Improving data assimilation algorithms for faster execution, higher resolution and application coupling for U.S. West and East coast ocean forecast systems
Project Lead: John Wilkin, Rutgers, The State University of New Jersey
CO-PIs: Hernan Arango (Rutgers), Andrew Moore (UC Santa Cruz), Christopher Edwards (UCSC)
Federal partners: NOAA Coastal Survey Development Laboratory (CSDL)
IOOS Regional Association partners: MARACOOS, CeNCOOS, SCCOOS, and NANOOS
Project Overview and Results
The modeling efforts here utilize the Regional Ocean Modeling System (ROMS; www.myroms.org) and its 4D-Var assimilation system and coupled NEMURO biogeochemical and ecosystem model.
4D-Var is an iterative data assimilation algorithm for identifying the most-likely ocean state given all available prior information and observations (Moore et al. 2011). The components of ROMS 4D-Var are depicted schematically in the figure below.
The most-likely state estimate is identified by minimizing a nonlinear cost function, which is challenging. An approach is to linearize the problem utilizing the tangent linear (TL) and adjoint (AD) versions of ROMS and minimize a sequence of linearized cost functions during so-called inner loops of the algorithm. The ocean state estimate about which each inner loop is linearized is periodically updated in an outer loop, which is a run of the full nonlinear model with all its physics and forcing. At the conclusion, the final outer-loop integration yields the most-likely ocean state.
A 4D-Var inner-loop comprises one integration of TL and AD ROMS that each require ~50% more CPU time than a nonlinear (NL) ROMS calculation spanning the same time interval. Therefore, a single inner-loop is equivalent to ~3 NL model runs. The current CeNCOOS and MARACOOS forecast systems require ~50 times the computational cost of running the NL model to compute a single 4D-Var analysis, which places significant constraints on feasible model resolutions. This project will develop multi-resolution and mixed-precision computation capabilities that will improve the efficiency of the ROMS 4D-Var system.
Biogeochemical (BGC) ocean state-estimates have been a component of the CeNCOOS near-real-time ROMS system since 2015. Based on the NEMURO model (Kishi et al. 2007), the model estimates 11 ecosystem components (inorganic nitrogen and silicon nutrients, 2 phytoplankton classes, and 3 zooplankton). The BGC model is incorporated into UCSC ROMS 4D-Var, assimilating satellite surface chlorophyll data. Though not in the NRT product, recent model enhancements add oxygen and carbonate chemistry for the prediction of pH and aragonite saturation – key indicators of ocean acidification.
Multi-resolution ROMS 4D-Var
We propose a multi-resolution approach for ROMS 4D-Var facilitated by a new feature in ROMS that allows different grid resolution NL, TL and AD components of 4D-Var run as separate executables. This “split” capability was introduced as part of the integration of ROMS into the Joint Effort for Data Assimilation Integration (JEDI).

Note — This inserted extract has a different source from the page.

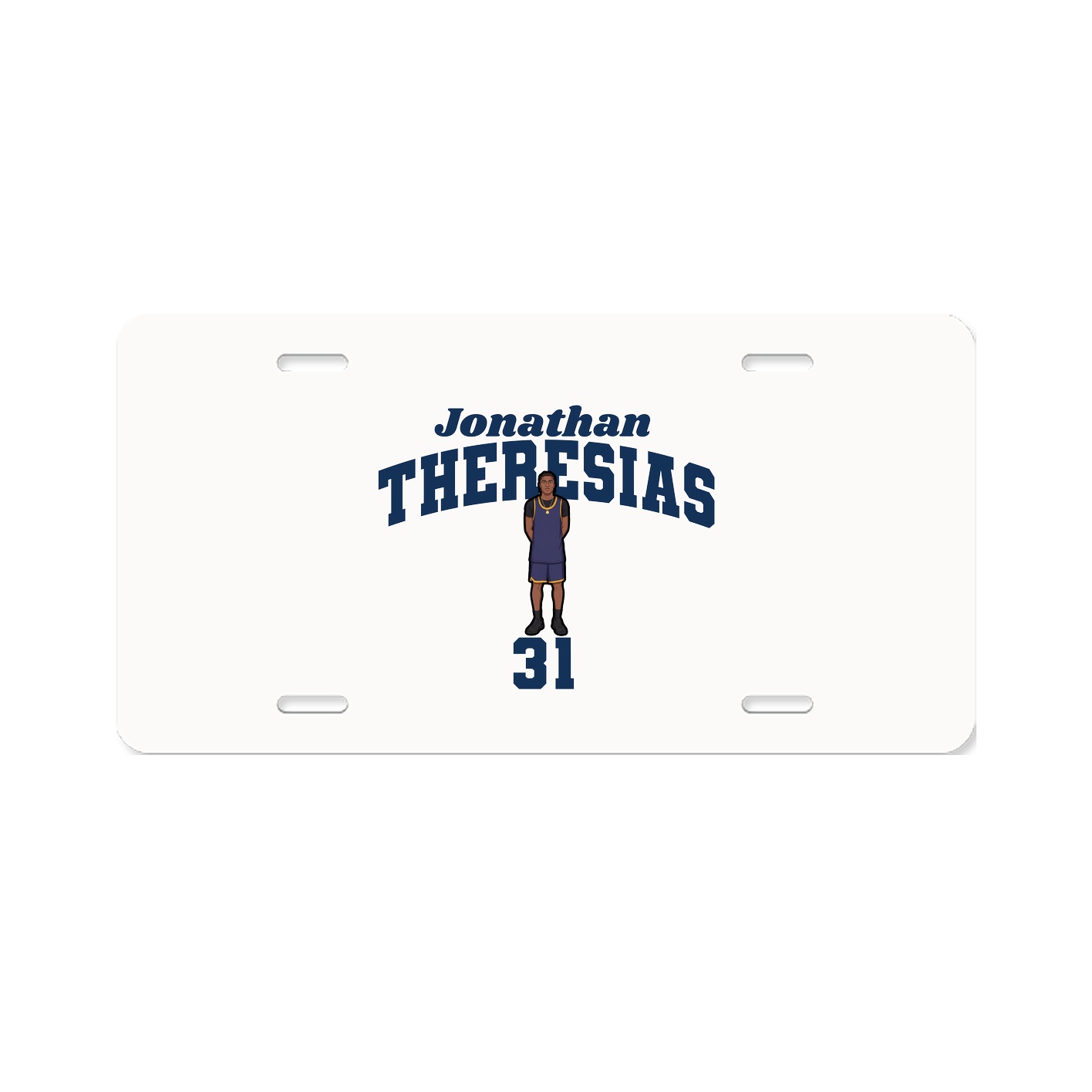 License Plate — Signature Arch in Classic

Model-data misfits, or the so-called “innovations” in DA parlance, are computed based on a high-resolution NL model forecast with the most accurate possible physics, but the AD and TL iterations that collectively comprise the bulk of the compute effort run at a lower resolution. The low-resolution increments are interpolated back to the fine resolution model to execute the forecast.
Mixed-precision 4D-Var in the multi-resolution system
Most earth system models are written in double-precision yet research in Numerical Weather Prediction (NWP) suggests that many floating-point operations can be performed at lower accuracy without an appreciable degradation in the final product. In applications where performance is limited by memory and or I/O, such as 4D-Var, the savings for large ocean grids may be substantial.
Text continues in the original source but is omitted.